I do not spend much time on this blog on return preparer fraud (or stolen identity refund fraud).  But, this case caught my attention United States v. Davis, ___ F.3d ___, 2017 U.S. App. LEXIS 13109 (DC Cir. 2017), here.  The reason it caught my attention was that the Court of Appeals found prosecutorial misconduct in the prosecutors' closing argument.  The prosecution was of a mother and a son involved in the return preparation business.

Here is the key part of the discussion:
To set the context for assessing Andre's contention that the court must reverse his convictions on both counts because of prosecutorial misconduct during closing arguments, we summarize the relevant evidence, and this necessarily entails some overlap with our consideration of Andre's sufficiency challenge. The government's case against Andre as to both Count 1 and Count 19 was thin. See Part II.B, infra. Although the evidence established that Andre began working with his mother after graduating from college and that false tax returns were filed under the Davis Financial Services EFIN during this period, the evidence of Andre's knowing participation in Sherri's tax fraud scheme was equivocal, at best. LaDonna testified that she cautioned Andre against working for Sherri, but she did not specify why she thought doing so "wasn't a good idea." Trial Tr. 81 (Jan. 20, 2015 (pm)). Thomas Jaycox testified on direct examination that Andre had prepared his 2012 tax return, but qualified his testimony on cross-examination and redirect by clarifying that Sherri had, in fact, also "put[] information on" and "finalize[d]" his return after Andre had worked on it. Trial Tr. 47, 80 (Jan. 22, 2015 (am)).
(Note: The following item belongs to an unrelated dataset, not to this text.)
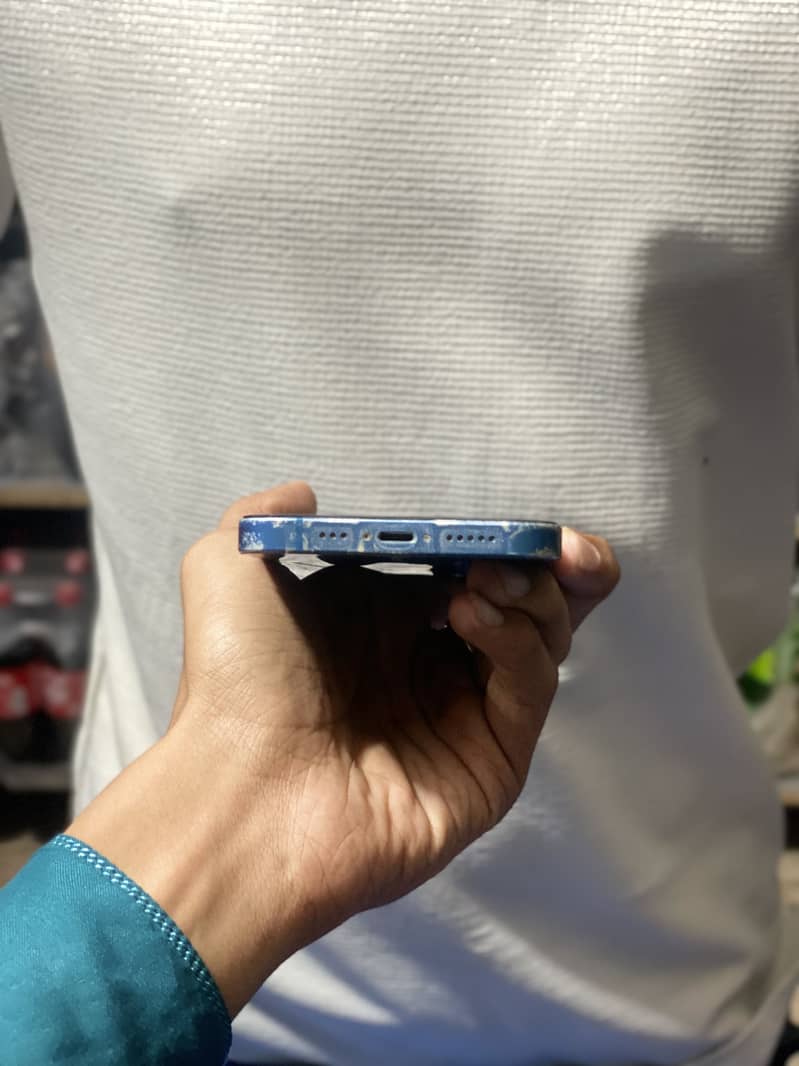 Apple iPhone 13 2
The evidence thus failed to establish who entered the false deductions into Jaycox's return; Sherri was just as, if not more, likely to have done so than Andre. The remaining evidence against Andre, such as Andre's name on the EFIN application and other documents, at most confirms only that he was engaged in operating a tax-preparation business, not that he had the specific intent to file false returns or otherwise knowingly joined Sherri's conspiracy to defraud the United States. 
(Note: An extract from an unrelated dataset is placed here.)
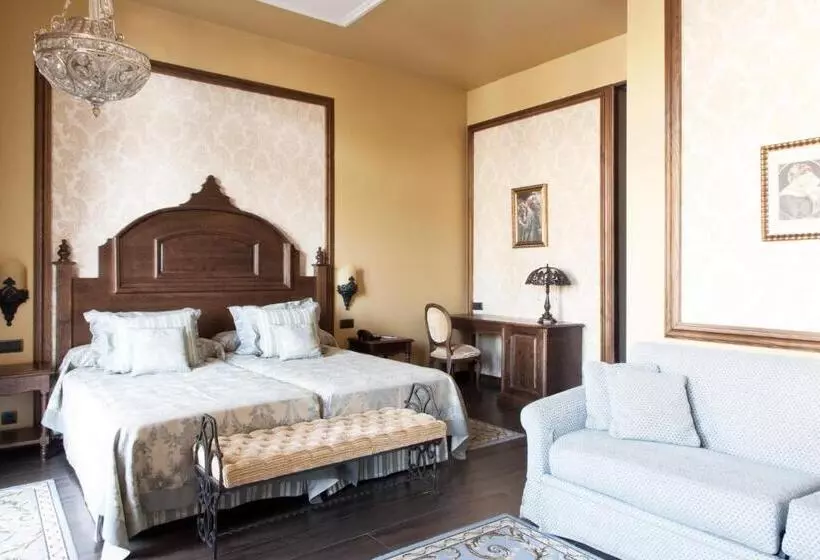 デラックスルーム, Mansion de Lucy  Includes Portaventura Park & Ferrari Land Tickets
Examination of the prosecutor's closing arguments reveals multiple misstatements of this evidence and, given the gaps in the government's evidentiary case, their prejudicial effect is readily apparent. For instance, the prosecutor told the jury that Andre personally designated the bank account into which tax preparation fees were deposited in 2013 and that Andre and Sherri made a "staggering amount of money" but failed to report such income in their individual tax returns. Trial Tr. 170 (Jan. 28, 2015). Even assuming that the first point is not false, because Andre's designation of the bank account might be viewed as a reasonable inference from the TaxWise evidence, there is no evidentiary basis for the second, nor does the government point to any on appeal. The evidence of earnings and income reporting related only to Sherri's receipt of fees and failure to accurately report her individual income to the IRS. There was no comparable evidence as to Andre. Not only was there no direct evidence Andre received fees for preparing and filing false returns, much less in "staggering amounts," as the prosecutor told the jury, Trial Tr. 170 (Jan. 28, 2015), there was no evidence Andre under-reported his individual income on his tax returns. Lumping Andre together with Sherri in this manner was clearly prejudicial to Andre. The prosecutor also misleadingly minimized Sherri's role in completing Jaycox's 2012 return, telling the jury that Sherri only "came over to make sure it was okay, or something to that effect," id. at 88, when Jaycox testified that Sherri "finalize[d]" his taxes and "finished everything else out" on his 2012 return. Trial Tr. 47, 80 (Jan. 22, 2015 (am)).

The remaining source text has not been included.